__ACTIVITY__. Print the data once more, exactly as given. Drop the pictures.

-------

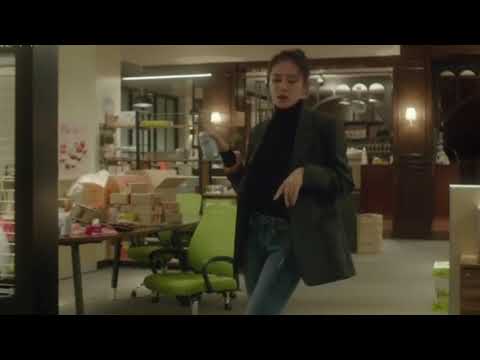 JIN HA (yejin ) dancing to 2NE1's  I AM THE BEST | SOMETHING IN THE RAIN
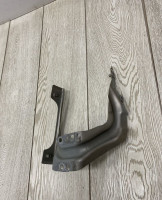 Кронштейн крыла левый Volkswagen Tiguan 2 2016 oem 5NA821135B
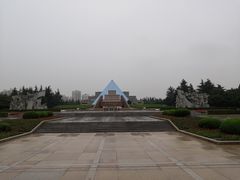 -上海市龙华烈士陵园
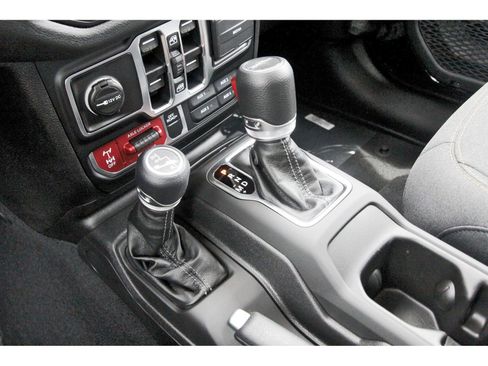 New 2025 Jeep Gladiator Willys image 16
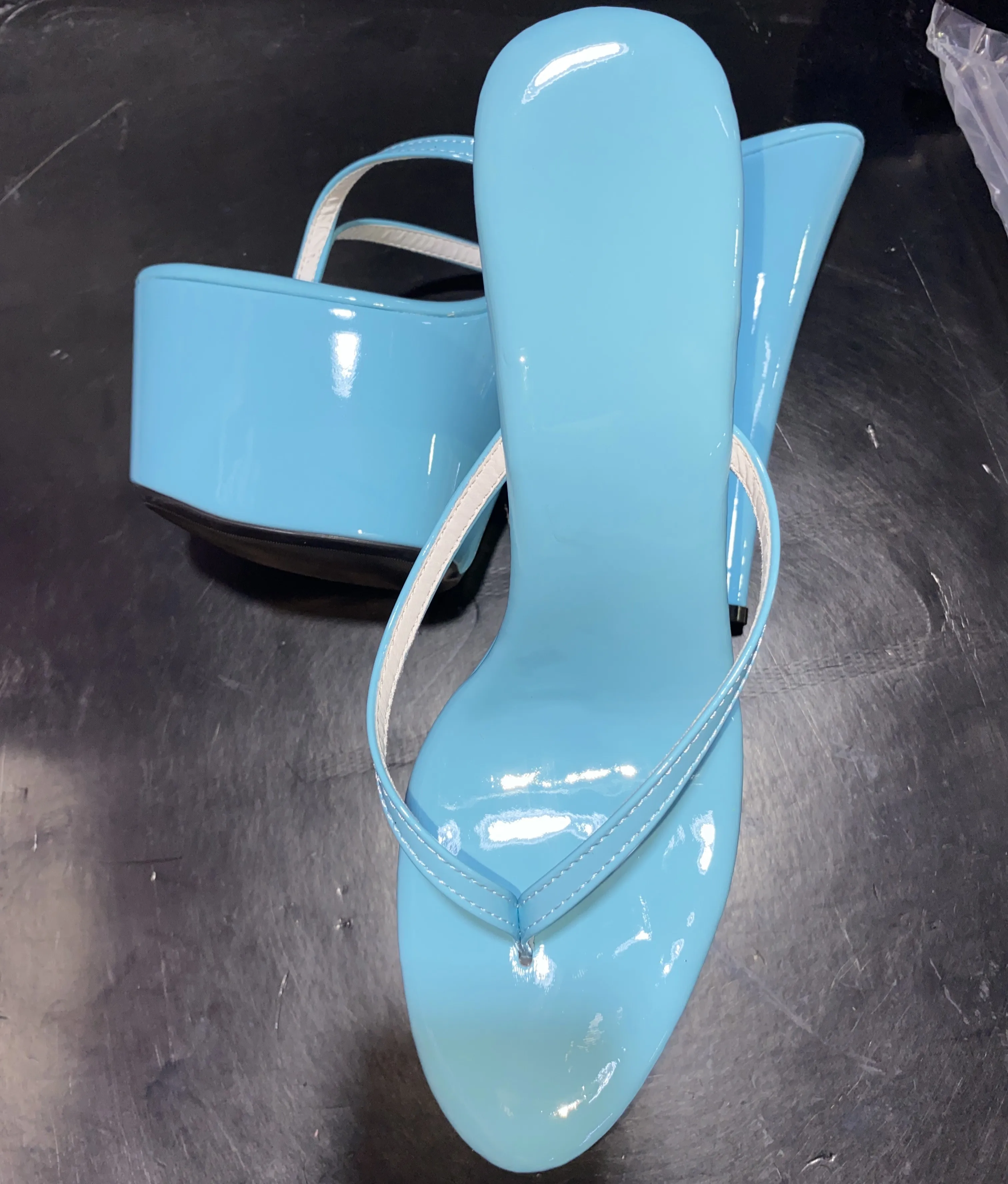 Sky blue 8 inch fashion princess sandals, sexy model stage flip-flops, 20cm summer runway slippers color can be customized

-------

__COMPLETED EXERCISE__.
 JIN HA (yejin ) dancing to 2NE1's  I AM THE BEST | SOMETHING IN THE RAIN
 Кронштейн крыла левый Volkswagen Tiguan 2 2016 oem 5NA821135B
 -上海市龙华烈士陵园
 New 2025 Jeep Gladiator Willys image 16
 Sky blue 8 inch fashion princess sandals, sexy model stage flip-flops, 20cm summer runway slippers color can be customized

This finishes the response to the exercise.